One of my friends who started working for inthemix says her most used lens clubbing was the Sigma 10-20mm. After she went full frame it became a 14-24mm she bought.

In a club you'll typically be restricted by drunk idiots while trying to photograph a whole group of other drunk idiots who all would want to be in the photo at the same time. Got more than 2m space between you and your subject and it'll quickly be filled by yet another group of drunk idiots. At least that's how it's been in every nightclub I've ever been.

/edit: Just saw the bit about it being bars.
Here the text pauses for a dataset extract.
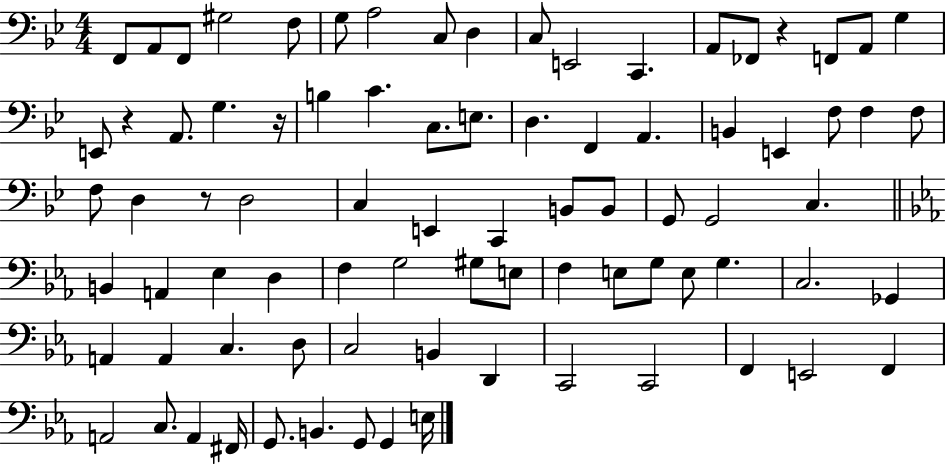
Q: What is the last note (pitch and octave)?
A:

I say go in on a night you're likely to take pictures with a standard kit lens and fix it at 50mm and don't move it UNDER ANY CIRCUMSTANCE to see if the focal length fits the bill. The 50mm is great for photographing people but you simply need space.


----------



## kami (Jan 15, 2010)

Garbz said:


> cfusionpm said:
> 
> 
> > 50mm f/1.4 would be your best bet.
> ...


 
I was just about to recommend otherwise the use of the 50 f/1.4 in a nightclub coz I already tried it! As you said, you need a lot of space to move in and out to get your shots which you can't do in a night club. 
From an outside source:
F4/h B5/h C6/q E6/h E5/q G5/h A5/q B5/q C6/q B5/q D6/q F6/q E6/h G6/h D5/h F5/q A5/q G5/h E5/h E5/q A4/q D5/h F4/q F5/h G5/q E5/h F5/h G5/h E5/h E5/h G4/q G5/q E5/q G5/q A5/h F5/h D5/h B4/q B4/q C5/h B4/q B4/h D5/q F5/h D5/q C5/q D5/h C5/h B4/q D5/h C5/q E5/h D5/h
I've used the Sigma 18-50 2.8 and it worked great. My pictures were a little bit noisy above iso 1250 but it worked alright.


----------



## RyanLilly (Jan 15, 2010)

Garbz, you do have some good points. I shot a concert recently and my favorite pictures came from my 11-16 2.8, at 11mm. The point is really that every situation may call for a different lens, so find one that has the most versatility while fitting your style to start with. But 2.8 or faster is still key.


----------



## [Dillz] (Jan 15, 2010)

Yes 50mm but MAKE SURE auto focus will work with it or you will have a very hard night,


----------



## bhphotography (Jan 16, 2010)

A f1.4 would be the best. If you can get farther away a 85 f1.4 would work great, if not, the 35 1.8 or 50 1.4 would be good options.

If budget was open, and you can get back / above the crowd, a 70-200 would be the best option.


----------



## Mr. Swindle (Jan 16, 2010)

I agree with garbz and ryan,

I used to do some nightclub and concert shooting, in all the places i shot (many) ranging from downtown gogo's to cocktail lounges and 3 level clubs, I never left the house with out the wide angle zoom. 
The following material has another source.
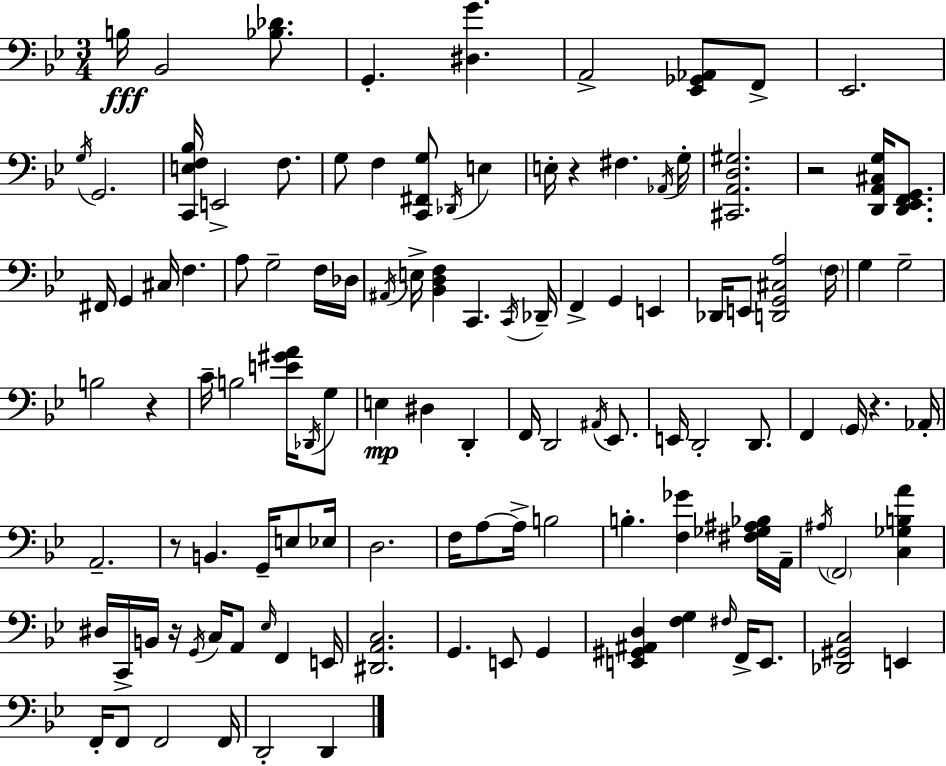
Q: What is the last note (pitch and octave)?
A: D2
I was using the 18-55 3.5-5.6 nikon on my D80, along with a sb800 and fong diffuser, put out some AMAZING photos. And that was with the 3.5, Ideally i was going to go with a 2.8 zoom 17-50, 17-55, 17-35 or a nice 20,24,28mm prime.

Be prepared to battle tight, restricted elbow room, and drunk people bumping into you and fog and crazy fluorescent or little/no available light.


----------



## djacobox372 (Jan 18, 2010)

Autofocus is a pain in dark areas like night clubs, so you might as well go for a manual focus 50mm f1.2.


----------



## lamergod (Jan 18, 2010)

85 f1.2L or 1.4

It also depends how far are you from the stage,sometimes a fisheye works great too


----------